Robotic medical systems for surgery solve many problems encountered by conventional surgery – they enable the surgeon to apply a different scale of forces, improve his dexterity and accuracy, and can introduce safety features in risky operations. For a robotic medical system to be successful it is vital that the surgeon is able to control the system easily and intuitively.
Some medical robotic systems achieve this goal using haptic control, i.e. a system where the operator controls a robotic device while maintaining online force feedback information from the robotic system itself. Different approaches for haptic control of medical systems have been suggested and investigated. The two major approaches differ in the type of information conveyed to the user by the force feedback – it can convey the forces acting on the end-effector representing impact and tremor, or location deviation induced by the surroundings representing geometry and texture. The control scheme implemented for a certain setup determines the whole system's characteristics such as range, stability, accuracy and transparency.
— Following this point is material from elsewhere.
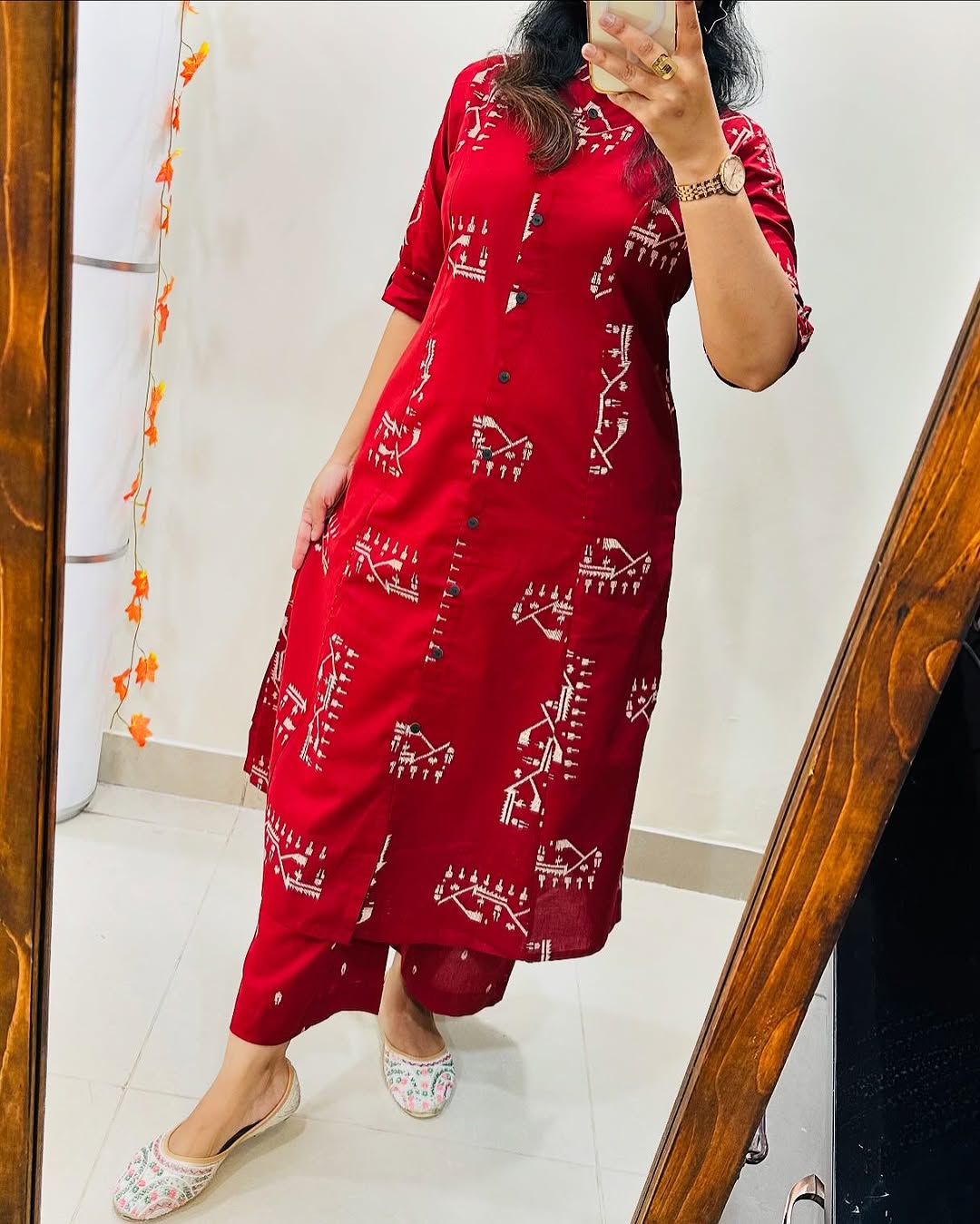 Premium Floral Fine Cotton Kurti Palazzo Co-ord Set – New Launch KF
Another important concept in medical robotics is image free systems – this means the systems is able of intra-operational planning and does not have to relay on Pre-operative acquired information. This approach has economic benefits as it makes expensive procedures like MRI redundant, and hopefully will prove to be faster than existing methods.
This work is about developing haptic capabilities for an image free medical robotic system. To be more specific we will develop a haptic control system for intra-operative surface acquisition for joint arthroplasty.
Without loss of generality, an 'Mbars' robot will be controlled by a haptic controller known as 'PHNToMtm desktop'. Both units and a 3 DOF force sensor will be integrated in purpose to enable human intervention and adjustment during robotic surgery. The challenge is to make all sub-systems work together in real time, in a stable, comfortable and intuitive manner. Dynamics of first two elements must be considered, and also problems resulting from communication and computation limits. The means to achieve this is to introduce a carefully designed control system, perhaps with an adaptive control law.
The specific procedure in mind is surface acquisition, which broadens the scope of the thesis. If the bone surface is probed at enough locations, a 3D map of the knee can be created. This 3D image could replace traditional techniques like MRI and CT, and hopefully prove to be reliable and with less costs and side effects. A probing and reconstructing procedure needs to be developed, taking into consideration a tradeoff between acquisition time, computability and accuracy.